ORLANDO, FLORIDA—Given the intersection between rheumatology and dermatology for many patients with autoimmune diseases, it’s helpful to hear from specialists in both fields regarding disease management strategies. With this in mind, the ACR Education Exchange 2023 session, Biologics Management of Psoriasis, provided a comprehensive and extremely helpful discussion of psoriasis treatment as seen through the eyes of an expert dermatologist.
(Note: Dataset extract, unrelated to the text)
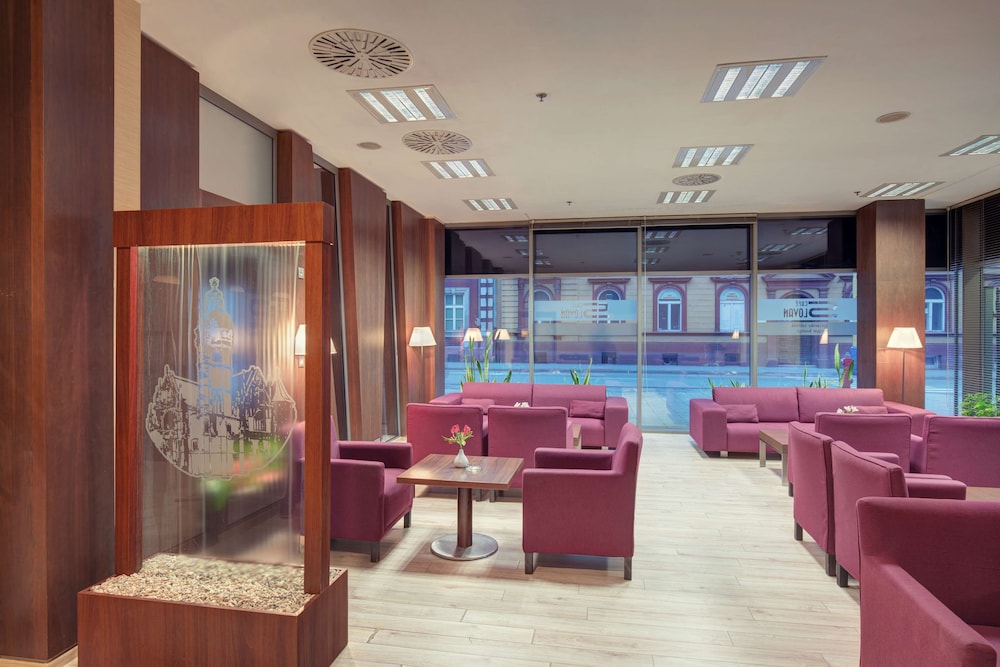 DoubleTree by Hilton Hotel Kosice — Kosice — photo 2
To begin his talk, Anthony Fernandez, MD, PhD, W.D. Steck Chair of Clinical Dermatology, Departments of Dermatology and Pathology, Cleveland Clinic, noted that psoriasis affects approximately 2–3% of the world’s population.1 Psoriasis represents a hallmark Th1/Th17 inflammatory disease, and the condition is related to an increased risk for a number of comorbidities. For example, severe psoriasis is an independent risk factor for myocardial infarction and stroke, and patients with severe psoriasis have a 57% increased risk of cardiovascular death, independent of traditional risk factors, over the general population.2 Evidence also suggests that patients with severe psoriasis may have a reduced life expectancy—five years shorter than age and sex-matched controls.3
Dr. Fernandez pointed out that various ways exist to grade disease severity in psoriasis, and many dermatologists begin by estimating the body surface area (BSA) involved. Using the palm of the hand (including the thumb) as a benchmark to represent about 1% BSA, clinicians can quickly determine approximate BSA involvement on the physical exam.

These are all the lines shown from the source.